The variability of cation−π sites among GABA and glycine receptors suggests that while the GluCl structure is no doubt a valuable template for homology modeling, positioning of agonists in the binding site is likely to vary. We also see that the apparent strength of the cation−π interaction varies considerably (Table 1). For cation−π interactions involving Phe and Tyr, we consider the EC50 ratio of the trifluorophenylalanine (F3-Phe) mutant to Phe as a measure of cation−π strength. Among the GABA and glycine receptors, estimated cation−π strengths range from a low of 2.1 kcal/mol for TyrC2 with GABA at the insect RDL receptor[71] to a high of 5.8 kcal/mol for GABA at TyrA of the α1, β2 GABAA receptor, the strongest cation−π interaction we have characterized at any Cys-loop receptor.[68] Interestingly, variations in cation−π strength are seen among different agonists at the glycine receptor (all of which bind to PheB): for glycine, the interaction strength is 4.1 kcal/mol, while significantly weaker interactions of 2.4 and 1.8 kcal/mol are seen for the partial agonists β-alanine and taurine, respectively (Table 1, Figure 6).[72]

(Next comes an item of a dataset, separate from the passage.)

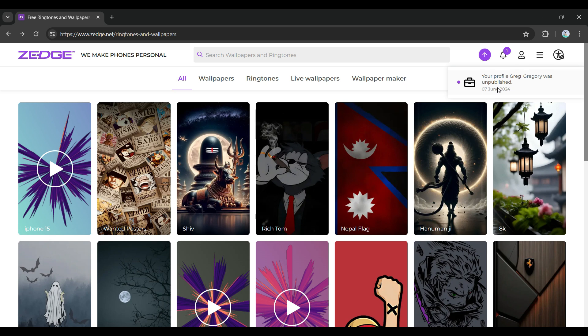This right here is the messages or the notifications that you receive. And guys, that's it. These are the messages on Zedge. Do note that Zedge is not a platform for messaging, but you can only view the notifications.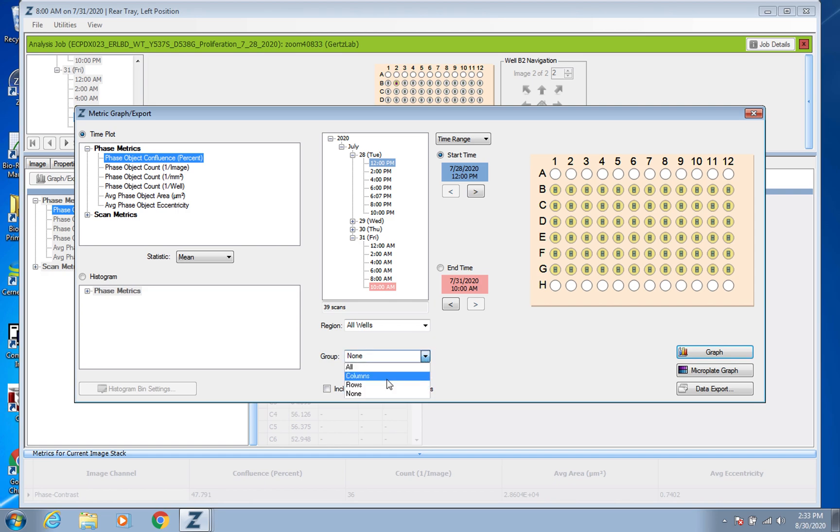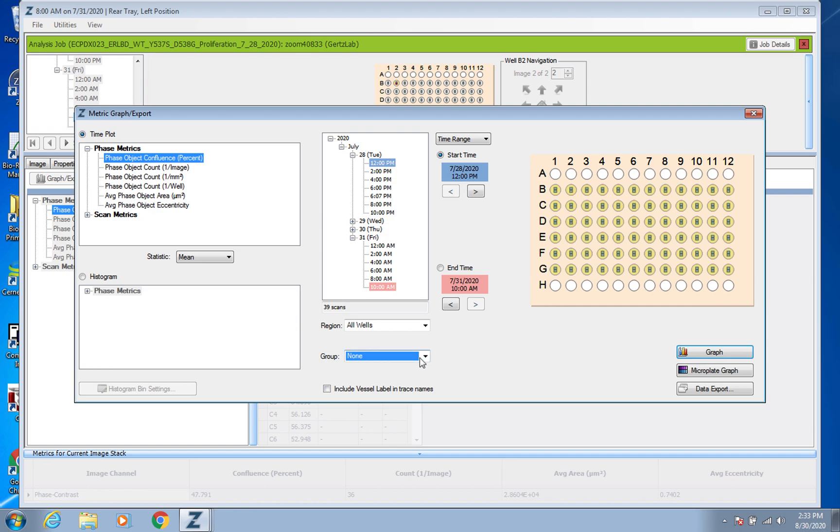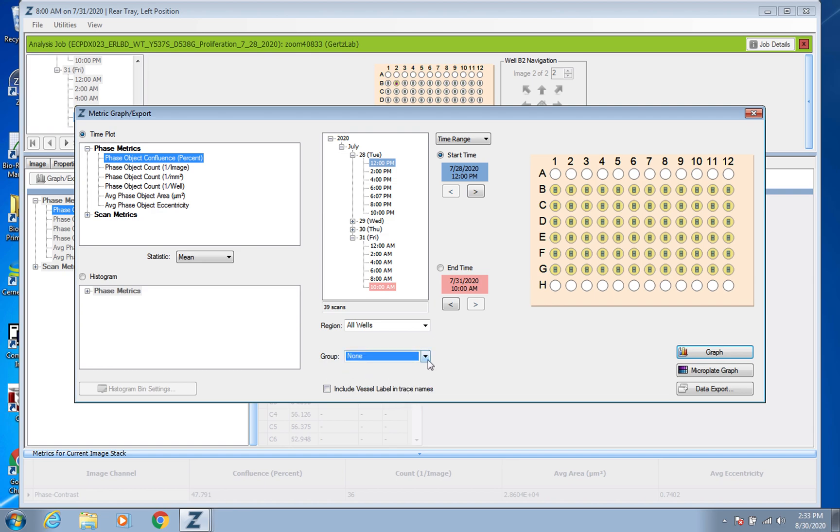And so then the key thing is to go down here to Group and click None, that way it's not giving you the average. Technically you could click Columns or Rows and it could give you averages, and when I've done it on All it kind of comes out weird too. So it's best to just click on None that way you're going to get each individual replicate piece of data and then you can graph them the way you want to and have the statistical power that you want.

Finally, there is one bona fide pentameric receptor–agonist complex captured by crystallography that has been functionally interrogated by unnatural amino acid mutagenesis. The prokaryotic receptor ELIC, a homologue of the eukaryotic Cys loop receptors, was crystallized in complex with GABA. The structure shows two cation−π interactions with phenylalanines at the aromatic box B and C2 sites, and mutagenesis confirms both interactions. The stronger interaction properly corresponds to the Phe closest to GABA’s ammonium group in the structure.[73]

Conclusions

This work highlights the fruitful interplay between structural studies of model systems and functional studies on full mammalian receptors. There is no doubt that the structures provide essential guidance as to possible key binding interactions. However, extrapolating one structural model to an entire family of receptors and to a wide range of agonists and antagonists is not warranted. It will always be essential to probe the real receptors to establish the essential binding features. Along with providing crucial tests of predictions based on structural information, the detailed binding interactions revealed by unnatural amino acid mutagenesis present excellent benchmarks for modeling studies that aim to reveal the origins of subtype specificity.

Across the Cys loop family, we see that the details of ligand binding (which interactions are present and which residues are involved) vary across receptors and among different ligands at the same receptor. It has long been appreciated that closely related receptors can have distinct pharmacologies, so these differences should not be surprising. However, rationalizing such distinctions across receptors is no easy task. Among the closely related subtypes of the nAChR family, similar binding sites engage agonists differently, and the differences become more pronounced on moving to other members of the Cys-loop receptor superfamily. Related binding sites must be shaped differently, and extrapolations of ligand binding from one receptor to another cannot readily be made. It is clear that caution is warranted when extrapolating from model structures to receptors of interest in human health.